Stored data START

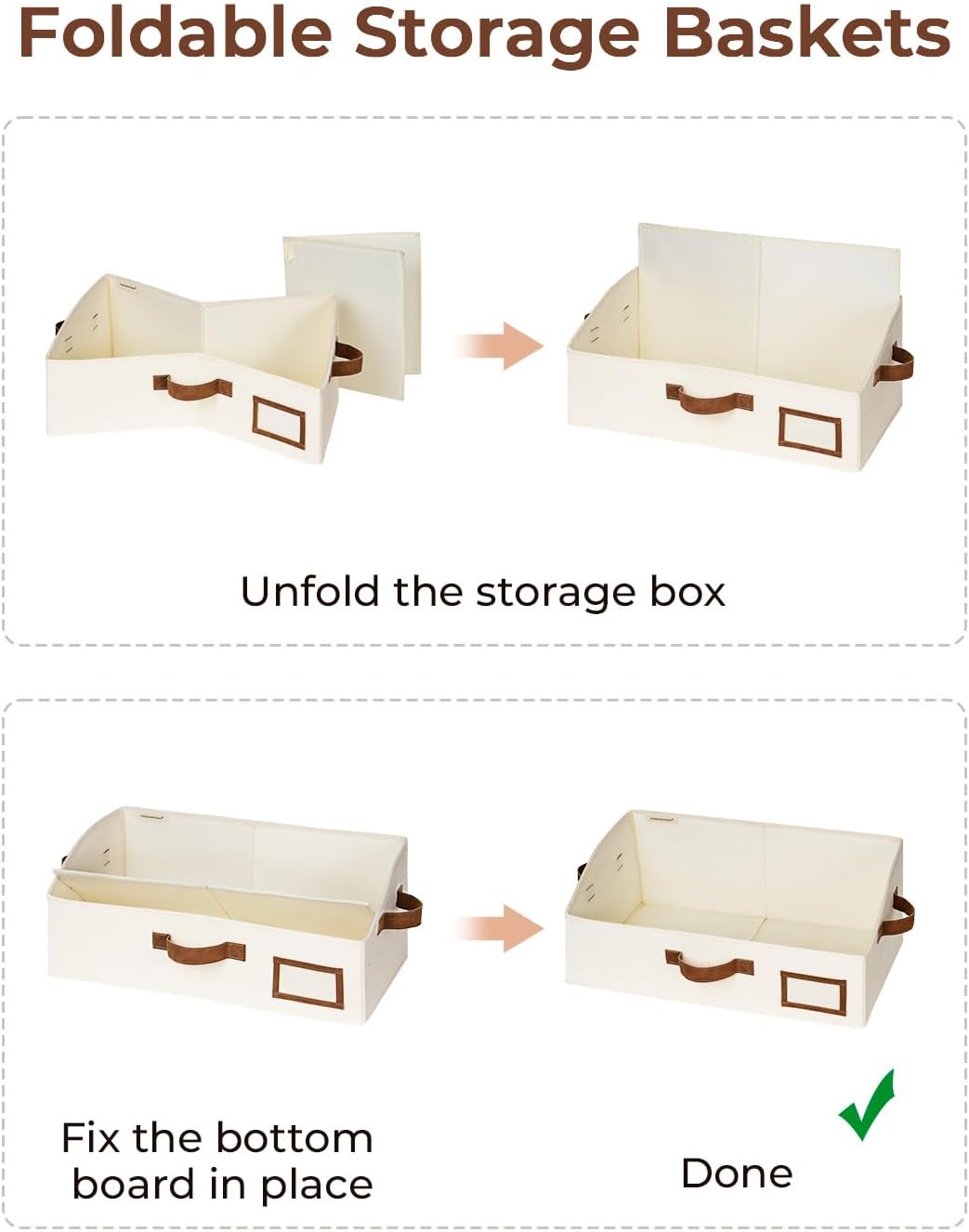 StorageWorks Closet Storage Bins, Trapezoid Organizer Box for Shelves, Fabric Clothes Bin, Foldable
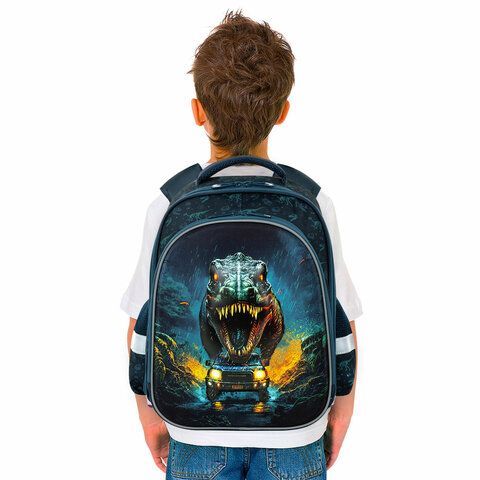 Ранец BRAUBERG KIDS STANDARD, 2 отделения, &quot;Dino chase&quot;, 3D панель, 36х28х14 см, 272036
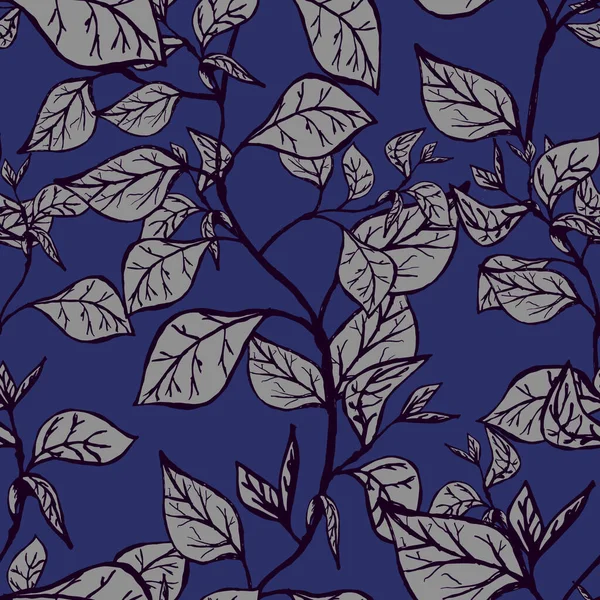 Синій Квітковий Безшовний Візерунок Гілок Листям — стокове фото
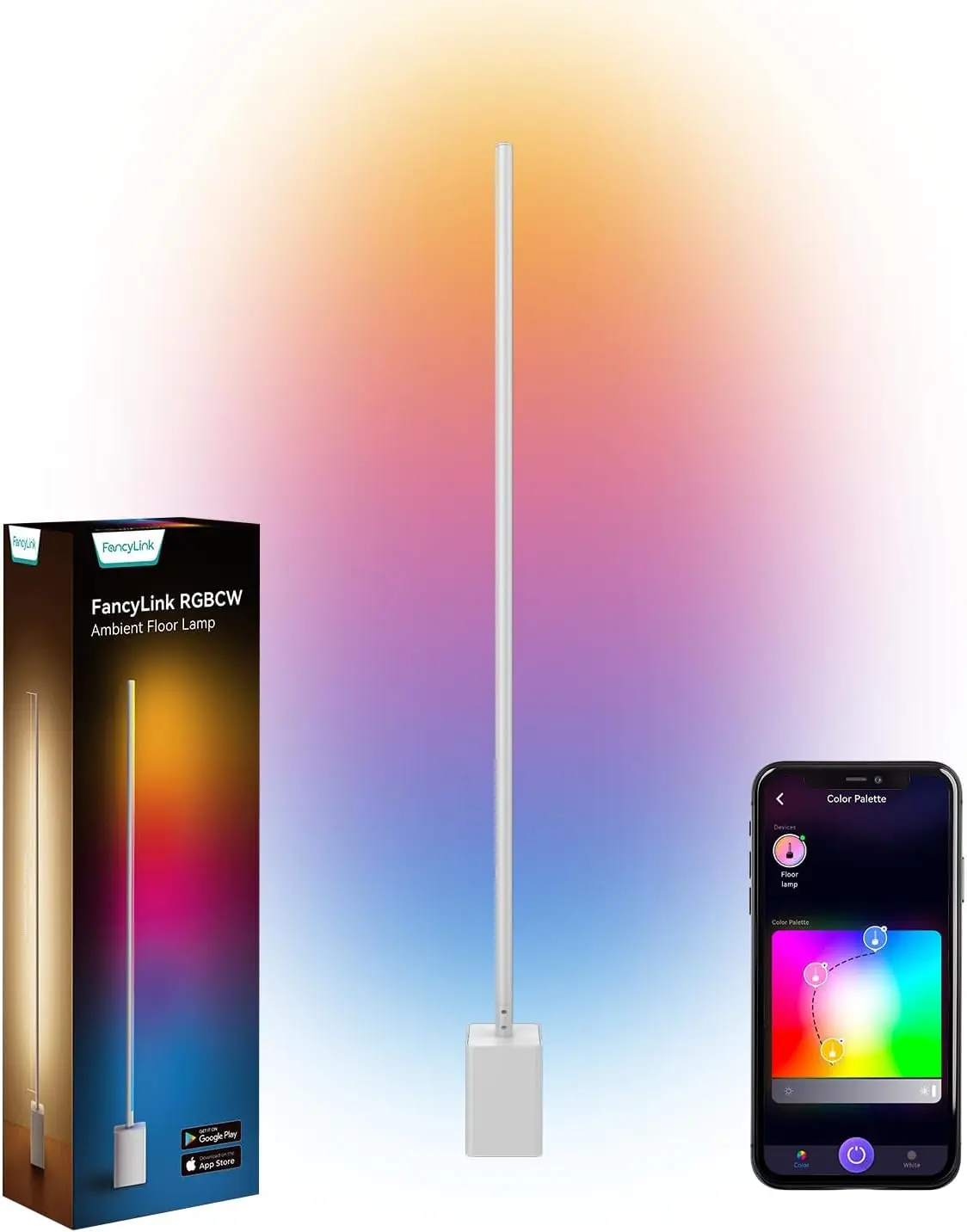 

Zigbee3.0 RGBCW Smart Floor Lamp,1500lm Corner Lamp,Floor Lamp for Bedroom,Living Room,16 Million Colors,Silver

Stored data END

:: Exercise ::
The lines above should be transcribed exactly, with every image removed.

:: Answer below ::
 StorageWorks Closet Storage Bins, Trapezoid Organizer Box for Shelves, Fabric Clothes Bin, Foldable
 Ранец BRAUBERG KIDS STANDARD, 2 отделения, &quot;Dino chase&quot;, 3D панель, 36х28х14 см, 272036
 Синій Квітковий Безшовний Візерунок Гілок Листям — стокове фото

Zigbee3.0 RGBCW Smart Floor Lamp,1500lm Corner Lamp,Floor Lamp for Bedroom,Living Room,16 Million Colors,Silver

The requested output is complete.